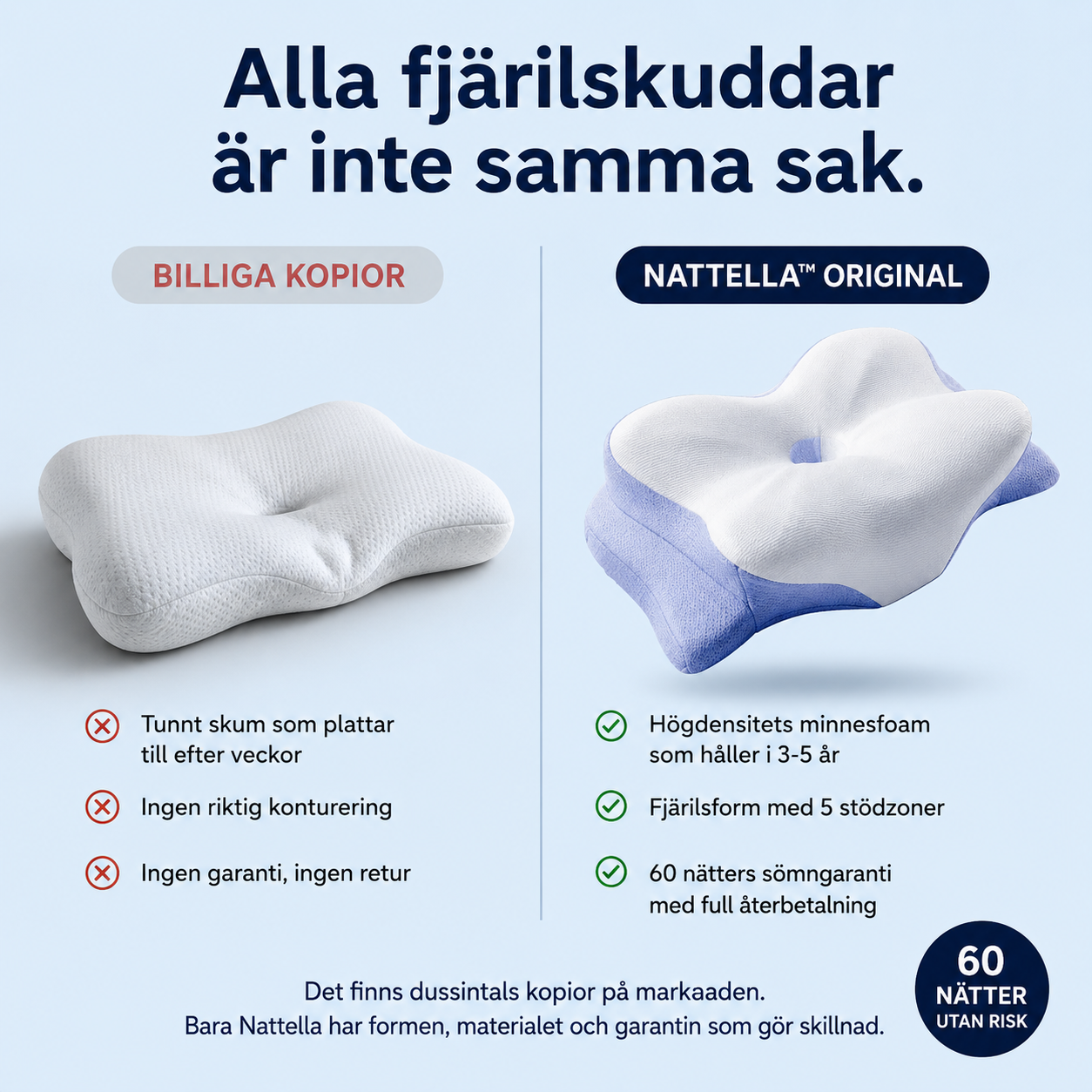 Nattella Ergonomisk Kudde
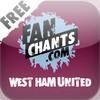 West Ham FanChants Free Football Songs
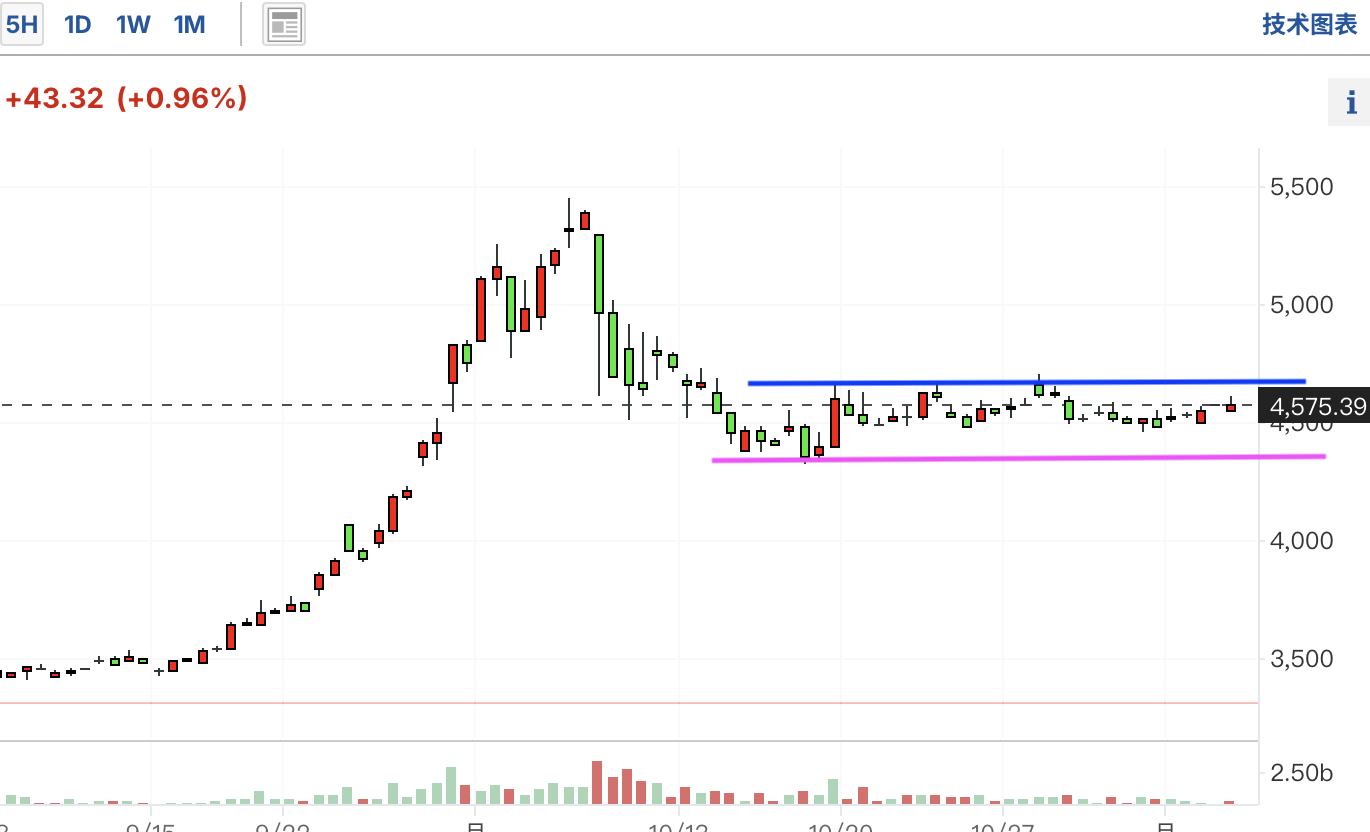 A graph of a stock marketDescription automatically generated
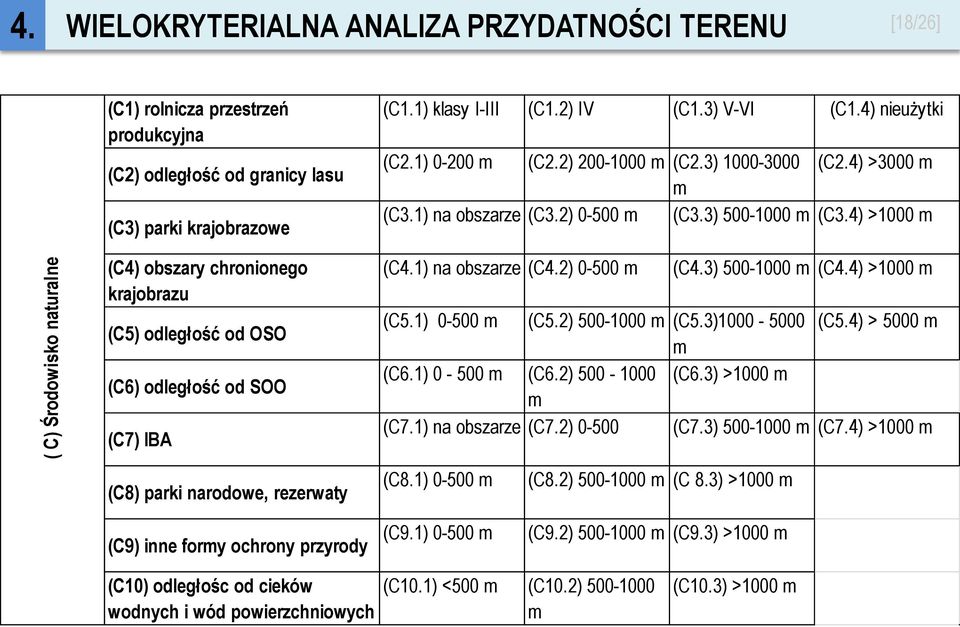 OSO (C6) odległość od SOO (C7) IBA (C1.1) klasy I-III (C1.2) IV (C1.3) V-VI (C1.4) nieużytki (C2.1) 0-200 m (C2.2) 200-1000 m (C2.3) 1000-3000 (C2.4) >3000 m m (C3.1) na obszarze (C3.2) 0-500 m (C3.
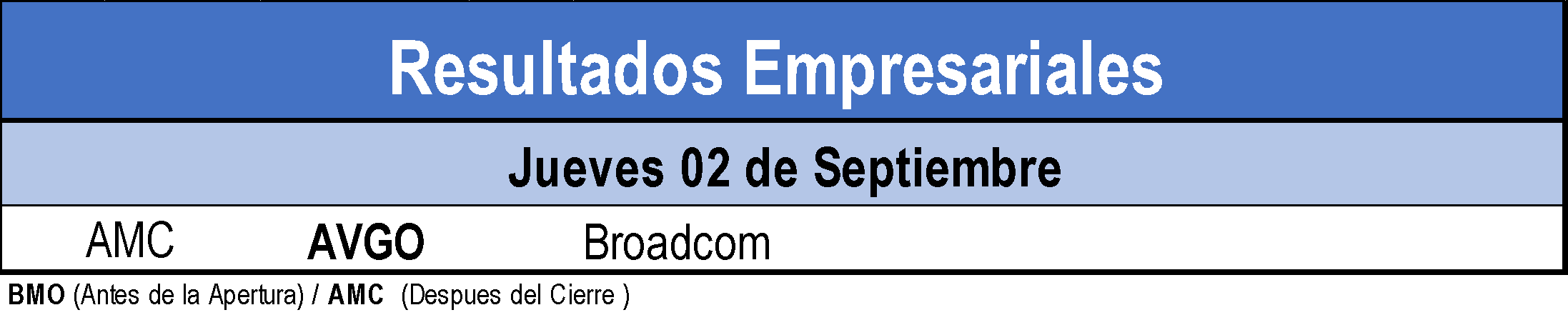 Resultados Empresariales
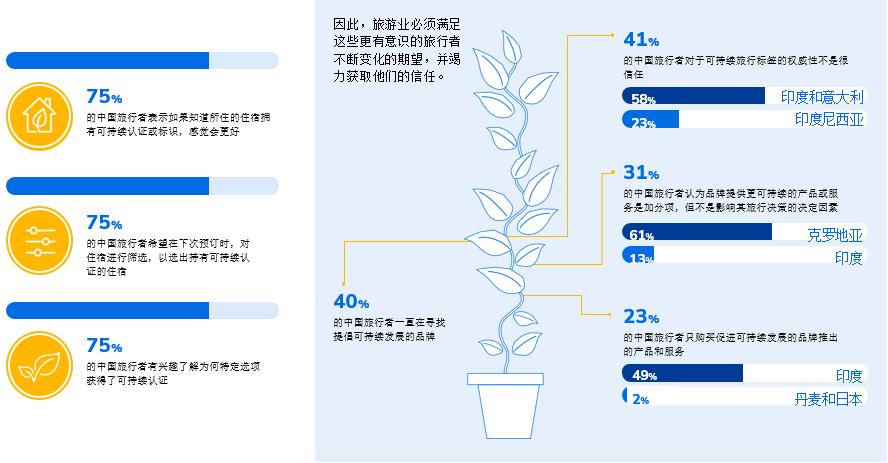 booking.com缤客怎么使用,booking缤客预订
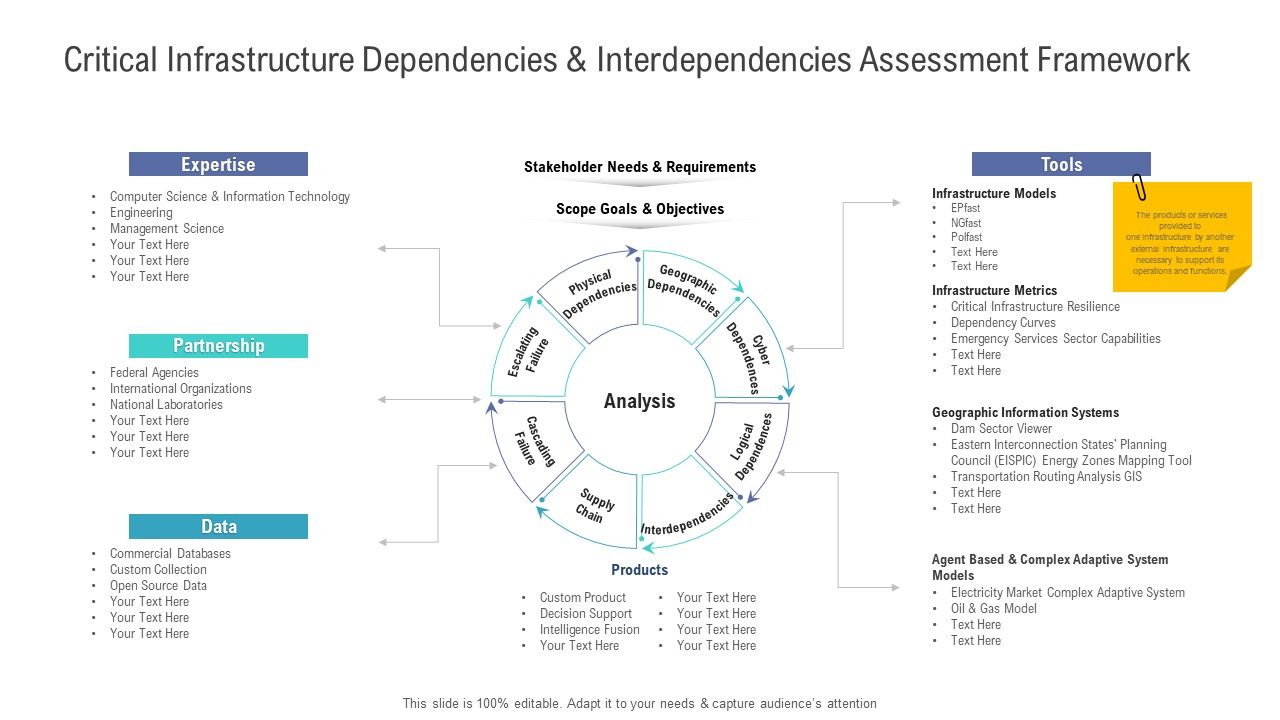 Critical_Infrastructure_Dependencies_And_Interdependencies_Assessment_Framework_Icons_PDF_Slide_1.jpg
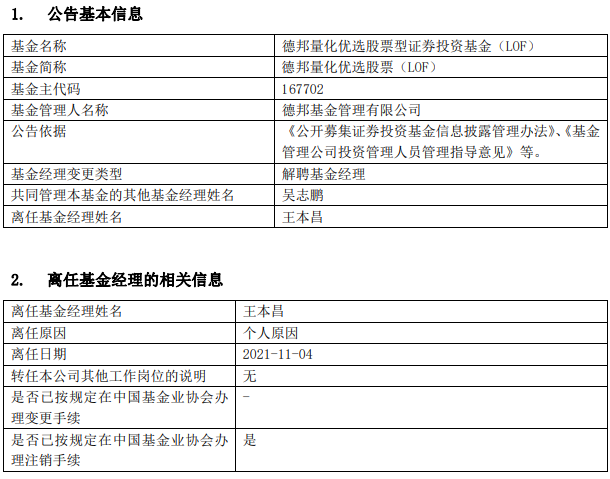 德邦基金王本昌离任4只基金由吴志鹏管理-167702基金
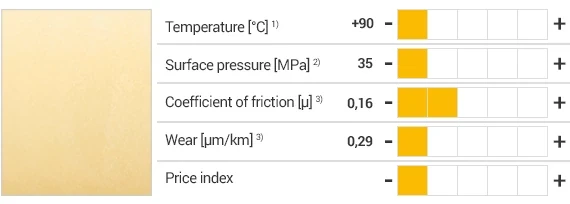 Specyfikacje materiału iglidur J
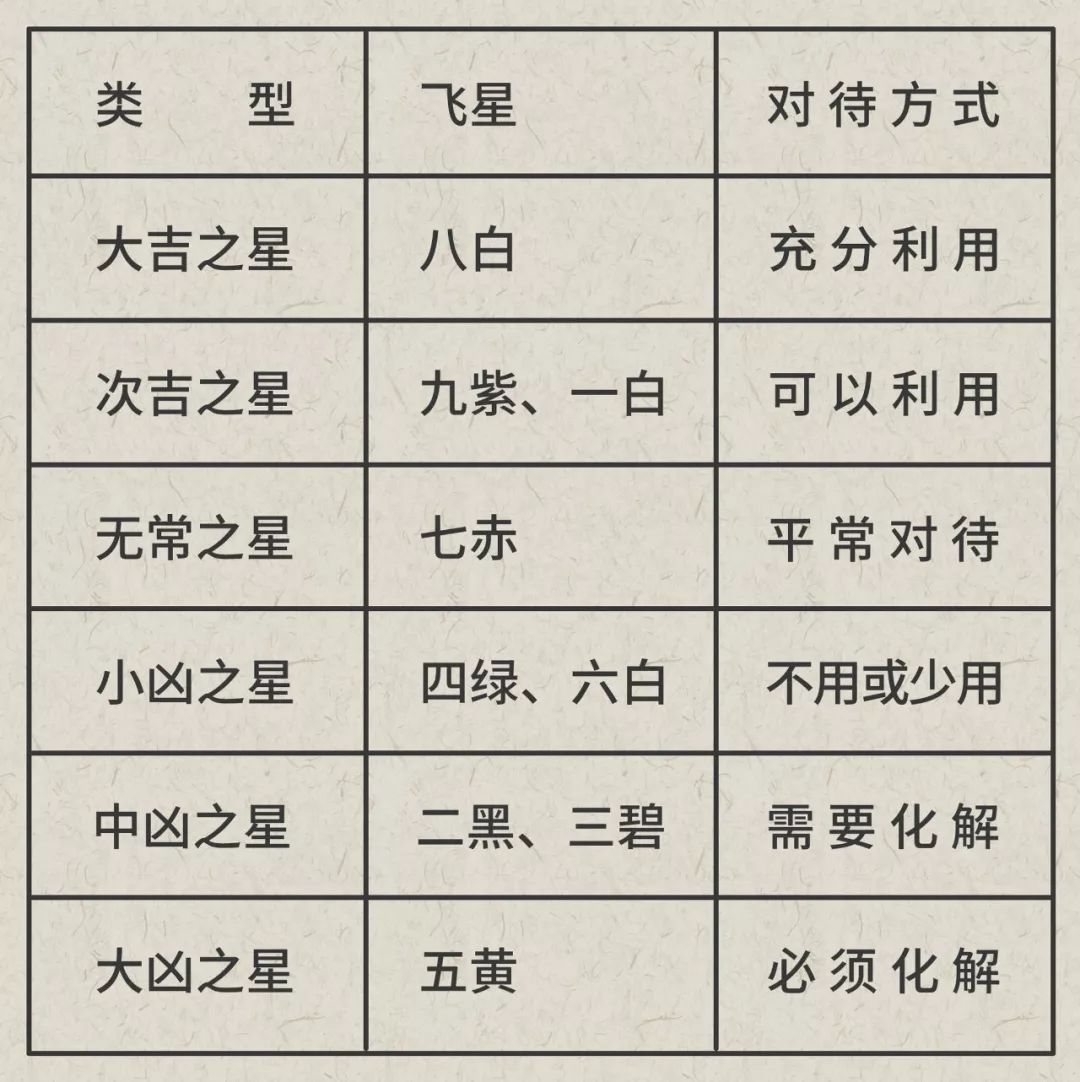 紫微风水堂：划重点小限怎么用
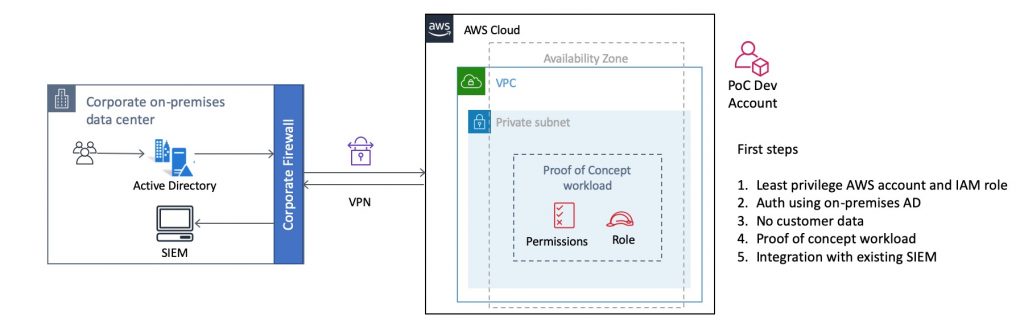 Representative AWS usage during first milestone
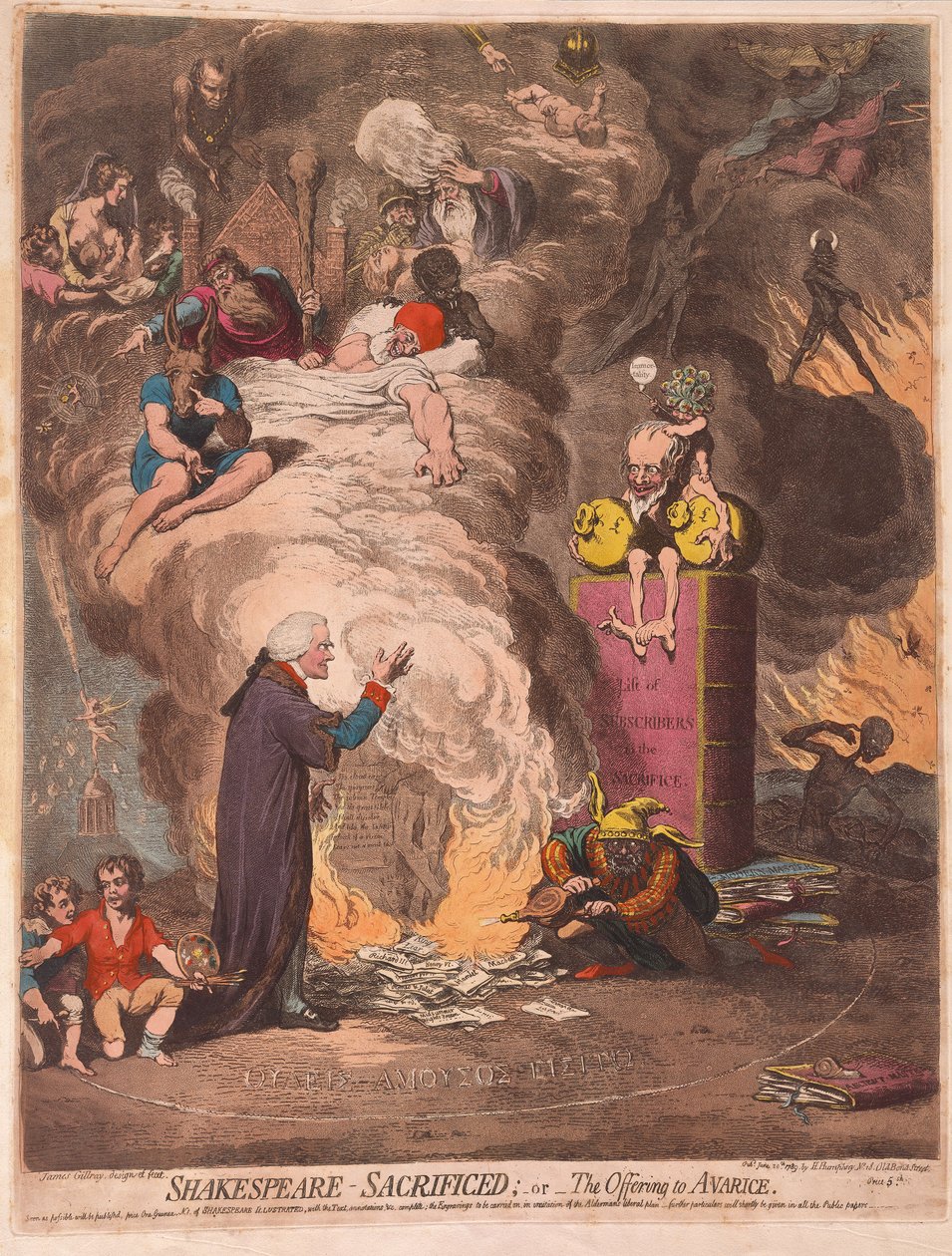 Shakespeare uhrautui tai Ahneuden uhri, pub. 1789 (käsin väritetty kaiverrus). tekijältä James Gillray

Description of the task: For every entry, return its exact wording and leave out any image.

Problem solution:
 Nattella Ergonomisk Kudde
 West Ham FanChants Free Football Songs
 A graph of a stock marketDescription automatically generated
 OSO (C6) odległość od SOO (C7) IBA (C1.1) klasy I-III (C1.2) IV (C1.3) V-VI (C1.4) nieużytki (C2.1) 0-200 m (C2.2) 200-1000 m (C2.3) 1000-3000 (C2.4) >3000 m m (C3.1) na obszarze (C3.2) 0-500 m (C3.
 Resultados Empresariales
 booking.com缤客怎么使用,booking缤客预订
 Critical_Infrastructure_Dependencies_And_Interdependencies_Assessment_Framework_Icons_PDF_Slide_1.jpg
 德邦基金王本昌离任4只基金由吴志鹏管理-167702基金
 Specyfikacje materiału iglidur J
 紫微风水堂：划重点小限怎么用
 Representative AWS usage during first milestone
 Shakespeare uhrautui tai Ahneuden uhri, pub. 1789 (käsin väritetty kaiverrus). tekijältä James Gillray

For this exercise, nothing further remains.